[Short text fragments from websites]
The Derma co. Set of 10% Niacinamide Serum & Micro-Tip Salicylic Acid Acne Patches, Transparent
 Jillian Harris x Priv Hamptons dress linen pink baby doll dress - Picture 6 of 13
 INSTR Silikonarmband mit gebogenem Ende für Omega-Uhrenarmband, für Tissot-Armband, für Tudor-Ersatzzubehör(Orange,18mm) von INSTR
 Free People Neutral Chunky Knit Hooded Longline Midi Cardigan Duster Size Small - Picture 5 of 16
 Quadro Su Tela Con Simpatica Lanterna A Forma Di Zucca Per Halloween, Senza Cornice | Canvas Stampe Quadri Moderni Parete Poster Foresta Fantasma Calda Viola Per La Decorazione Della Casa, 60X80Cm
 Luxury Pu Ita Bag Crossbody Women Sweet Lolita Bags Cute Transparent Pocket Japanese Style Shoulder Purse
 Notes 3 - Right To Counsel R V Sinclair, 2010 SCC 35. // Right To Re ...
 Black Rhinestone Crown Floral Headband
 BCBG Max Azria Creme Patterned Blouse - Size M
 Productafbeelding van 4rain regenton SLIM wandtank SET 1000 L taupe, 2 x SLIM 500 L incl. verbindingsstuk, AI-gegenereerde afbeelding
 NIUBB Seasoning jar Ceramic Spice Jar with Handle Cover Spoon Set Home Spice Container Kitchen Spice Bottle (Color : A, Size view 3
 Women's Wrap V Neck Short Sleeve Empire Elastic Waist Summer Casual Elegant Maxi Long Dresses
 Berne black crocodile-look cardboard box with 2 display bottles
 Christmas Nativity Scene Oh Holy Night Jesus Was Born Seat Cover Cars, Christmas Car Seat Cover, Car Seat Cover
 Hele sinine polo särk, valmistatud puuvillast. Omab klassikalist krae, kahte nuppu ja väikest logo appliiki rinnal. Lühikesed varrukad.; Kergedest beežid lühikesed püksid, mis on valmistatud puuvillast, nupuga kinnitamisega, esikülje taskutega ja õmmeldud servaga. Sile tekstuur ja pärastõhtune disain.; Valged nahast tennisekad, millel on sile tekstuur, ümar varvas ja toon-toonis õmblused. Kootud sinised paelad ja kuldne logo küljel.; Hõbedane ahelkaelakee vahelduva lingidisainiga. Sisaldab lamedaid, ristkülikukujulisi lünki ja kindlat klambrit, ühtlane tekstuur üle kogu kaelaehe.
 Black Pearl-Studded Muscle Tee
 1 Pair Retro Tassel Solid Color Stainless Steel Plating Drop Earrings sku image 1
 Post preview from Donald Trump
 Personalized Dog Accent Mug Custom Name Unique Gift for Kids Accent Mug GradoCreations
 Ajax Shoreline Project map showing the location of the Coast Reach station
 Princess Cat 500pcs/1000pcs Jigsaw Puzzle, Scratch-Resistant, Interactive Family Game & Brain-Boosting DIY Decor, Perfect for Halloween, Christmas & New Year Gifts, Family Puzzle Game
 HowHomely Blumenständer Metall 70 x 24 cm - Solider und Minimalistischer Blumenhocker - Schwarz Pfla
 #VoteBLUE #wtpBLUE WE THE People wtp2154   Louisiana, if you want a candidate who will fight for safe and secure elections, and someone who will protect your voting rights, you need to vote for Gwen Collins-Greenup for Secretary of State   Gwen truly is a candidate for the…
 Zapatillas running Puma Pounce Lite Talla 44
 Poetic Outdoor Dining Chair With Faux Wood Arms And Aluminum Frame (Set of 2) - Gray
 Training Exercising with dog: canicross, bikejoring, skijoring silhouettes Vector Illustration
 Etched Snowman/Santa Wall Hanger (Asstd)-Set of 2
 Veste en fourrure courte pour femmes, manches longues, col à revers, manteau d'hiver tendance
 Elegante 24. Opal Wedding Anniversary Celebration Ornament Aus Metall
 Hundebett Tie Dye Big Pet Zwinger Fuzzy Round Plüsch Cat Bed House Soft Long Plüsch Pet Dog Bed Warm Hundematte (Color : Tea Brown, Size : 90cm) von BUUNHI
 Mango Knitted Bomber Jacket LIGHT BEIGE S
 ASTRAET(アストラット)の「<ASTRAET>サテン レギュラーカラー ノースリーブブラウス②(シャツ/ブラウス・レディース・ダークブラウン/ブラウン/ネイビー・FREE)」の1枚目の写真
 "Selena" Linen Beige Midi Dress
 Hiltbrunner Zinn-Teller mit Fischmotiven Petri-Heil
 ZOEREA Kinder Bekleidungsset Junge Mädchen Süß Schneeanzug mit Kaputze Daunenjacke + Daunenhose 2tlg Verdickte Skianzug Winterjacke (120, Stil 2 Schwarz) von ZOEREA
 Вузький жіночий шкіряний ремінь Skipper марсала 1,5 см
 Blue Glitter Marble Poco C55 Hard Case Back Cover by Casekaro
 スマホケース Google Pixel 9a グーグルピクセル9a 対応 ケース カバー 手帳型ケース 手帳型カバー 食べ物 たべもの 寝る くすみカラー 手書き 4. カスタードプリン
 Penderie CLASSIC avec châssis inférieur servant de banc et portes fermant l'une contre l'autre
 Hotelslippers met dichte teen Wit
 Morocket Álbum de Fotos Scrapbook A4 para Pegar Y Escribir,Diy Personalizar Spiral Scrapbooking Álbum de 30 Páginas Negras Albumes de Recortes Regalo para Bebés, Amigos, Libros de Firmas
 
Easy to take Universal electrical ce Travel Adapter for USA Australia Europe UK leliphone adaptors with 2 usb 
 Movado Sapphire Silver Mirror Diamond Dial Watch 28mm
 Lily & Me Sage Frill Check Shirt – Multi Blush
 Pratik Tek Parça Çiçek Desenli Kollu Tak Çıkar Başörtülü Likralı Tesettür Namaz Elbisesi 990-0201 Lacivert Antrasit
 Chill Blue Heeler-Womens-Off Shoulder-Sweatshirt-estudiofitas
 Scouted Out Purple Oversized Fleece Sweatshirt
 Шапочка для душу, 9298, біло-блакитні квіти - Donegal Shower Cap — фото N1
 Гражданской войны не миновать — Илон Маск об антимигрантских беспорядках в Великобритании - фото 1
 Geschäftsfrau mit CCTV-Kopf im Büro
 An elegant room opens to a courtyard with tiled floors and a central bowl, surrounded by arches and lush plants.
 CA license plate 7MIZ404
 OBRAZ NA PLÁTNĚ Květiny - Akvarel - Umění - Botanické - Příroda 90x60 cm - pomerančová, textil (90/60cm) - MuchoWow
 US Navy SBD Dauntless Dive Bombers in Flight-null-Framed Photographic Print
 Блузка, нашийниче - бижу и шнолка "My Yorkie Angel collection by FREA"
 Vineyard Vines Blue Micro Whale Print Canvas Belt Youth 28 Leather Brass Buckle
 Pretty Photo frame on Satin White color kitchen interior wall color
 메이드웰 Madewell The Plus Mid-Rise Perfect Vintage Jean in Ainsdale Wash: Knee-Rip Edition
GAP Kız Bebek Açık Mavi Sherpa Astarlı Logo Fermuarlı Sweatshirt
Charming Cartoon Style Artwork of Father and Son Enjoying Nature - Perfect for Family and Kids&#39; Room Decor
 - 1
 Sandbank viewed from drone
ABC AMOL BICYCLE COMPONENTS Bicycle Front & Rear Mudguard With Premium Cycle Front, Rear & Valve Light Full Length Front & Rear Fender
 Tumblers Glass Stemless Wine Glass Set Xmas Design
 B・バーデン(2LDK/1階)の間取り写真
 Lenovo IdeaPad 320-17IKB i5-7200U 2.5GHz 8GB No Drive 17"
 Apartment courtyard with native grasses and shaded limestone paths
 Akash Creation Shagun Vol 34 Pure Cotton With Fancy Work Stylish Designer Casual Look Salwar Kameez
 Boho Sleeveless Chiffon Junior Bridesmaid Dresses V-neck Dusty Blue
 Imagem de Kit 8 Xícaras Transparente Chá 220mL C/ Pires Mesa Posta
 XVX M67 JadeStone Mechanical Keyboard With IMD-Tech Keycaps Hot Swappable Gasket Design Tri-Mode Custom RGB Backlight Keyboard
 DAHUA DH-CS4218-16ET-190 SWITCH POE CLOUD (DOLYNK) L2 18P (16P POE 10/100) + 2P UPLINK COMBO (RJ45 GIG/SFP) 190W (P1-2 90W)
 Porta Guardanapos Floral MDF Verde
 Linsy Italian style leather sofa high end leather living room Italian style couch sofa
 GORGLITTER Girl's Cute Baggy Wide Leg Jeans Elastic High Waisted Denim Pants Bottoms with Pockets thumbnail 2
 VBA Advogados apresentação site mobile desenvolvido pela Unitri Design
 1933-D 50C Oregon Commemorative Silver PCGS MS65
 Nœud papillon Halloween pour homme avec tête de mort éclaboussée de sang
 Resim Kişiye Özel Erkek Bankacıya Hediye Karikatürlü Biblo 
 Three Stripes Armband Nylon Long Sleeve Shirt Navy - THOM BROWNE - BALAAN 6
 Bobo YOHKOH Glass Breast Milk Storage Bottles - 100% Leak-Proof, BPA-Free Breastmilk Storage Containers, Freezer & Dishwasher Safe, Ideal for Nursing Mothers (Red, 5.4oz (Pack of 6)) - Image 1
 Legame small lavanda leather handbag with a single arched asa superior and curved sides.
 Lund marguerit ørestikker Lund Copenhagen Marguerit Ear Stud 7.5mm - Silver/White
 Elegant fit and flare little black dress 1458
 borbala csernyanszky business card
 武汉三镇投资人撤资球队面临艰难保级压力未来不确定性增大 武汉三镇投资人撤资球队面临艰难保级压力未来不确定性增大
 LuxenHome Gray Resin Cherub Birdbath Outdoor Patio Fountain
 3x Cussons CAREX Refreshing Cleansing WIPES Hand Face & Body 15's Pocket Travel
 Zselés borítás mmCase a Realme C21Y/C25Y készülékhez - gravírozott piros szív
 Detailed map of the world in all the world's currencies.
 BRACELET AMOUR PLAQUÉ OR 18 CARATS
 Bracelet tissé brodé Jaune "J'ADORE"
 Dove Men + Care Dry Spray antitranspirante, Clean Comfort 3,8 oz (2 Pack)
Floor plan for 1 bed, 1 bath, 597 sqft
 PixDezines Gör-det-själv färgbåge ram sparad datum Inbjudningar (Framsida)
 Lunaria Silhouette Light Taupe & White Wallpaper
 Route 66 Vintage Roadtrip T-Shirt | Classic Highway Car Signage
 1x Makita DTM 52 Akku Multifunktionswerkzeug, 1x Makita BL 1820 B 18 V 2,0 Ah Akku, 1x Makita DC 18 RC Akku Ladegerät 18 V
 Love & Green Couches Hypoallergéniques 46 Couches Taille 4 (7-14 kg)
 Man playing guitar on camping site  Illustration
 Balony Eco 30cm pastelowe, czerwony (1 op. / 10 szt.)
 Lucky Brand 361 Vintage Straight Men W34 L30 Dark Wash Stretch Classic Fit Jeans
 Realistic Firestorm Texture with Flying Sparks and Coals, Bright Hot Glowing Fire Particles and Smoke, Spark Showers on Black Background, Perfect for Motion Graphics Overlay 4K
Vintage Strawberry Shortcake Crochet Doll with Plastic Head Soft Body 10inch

What the task requires — When the line containing "Christmas Nativity Scene" is reached, include it and stop. Until then, output each line of the entries exactly as given, starting from the first.

Exercise solution —
The Derma co. Set of 10% Niacinamide Serum & Micro-Tip Salicylic Acid Acne Patches, Transparent
 Jillian Harris x Priv Hamptons dress linen pink baby doll dress - Picture 6 of 13
 INSTR Silikonarmband mit gebogenem Ende für Omega-Uhrenarmband, für Tissot-Armband, für Tudor-Ersatzzubehör(Orange,18mm) von INSTR
 Free People Neutral Chunky Knit Hooded Longline Midi Cardigan Duster Size Small - Picture 5 of 16
 Quadro Su Tela Con Simpatica Lanterna A Forma Di Zucca Per Halloween, Senza Cornice | Canvas Stampe Quadri Moderni Parete Poster Foresta Fantasma Calda Viola Per La Decorazione Della Casa, 60X80Cm
 Luxury Pu Ita Bag Crossbody Women Sweet Lolita Bags Cute Transparent Pocket Japanese Style Shoulder Purse
 Notes 3 - Right To Counsel R V Sinclair, 2010 SCC 35. // Right To Re ...
 Black Rhinestone Crown Floral Headband
 BCBG Max Azria Creme Patterned Blouse - Size M
 Productafbeelding van 4rain regenton SLIM wandtank SET 1000 L taupe, 2 x SLIM 500 L incl. verbindingsstuk, AI-gegenereerde afbeelding
 NIUBB Seasoning jar Ceramic Spice Jar with Handle Cover Spoon Set Home Spice Container Kitchen Spice Bottle (Color : A, Size view 3
 Women's Wrap V Neck Short Sleeve Empire Elastic Waist Summer Casual Elegant Maxi Long Dresses
 Berne black crocodile-look cardboard box with 2 display bottles
 Christmas Nativity Scene Oh Holy Night Jesus Was Born Seat Cover Cars, Christmas Car Seat Cover, Car Seat Cover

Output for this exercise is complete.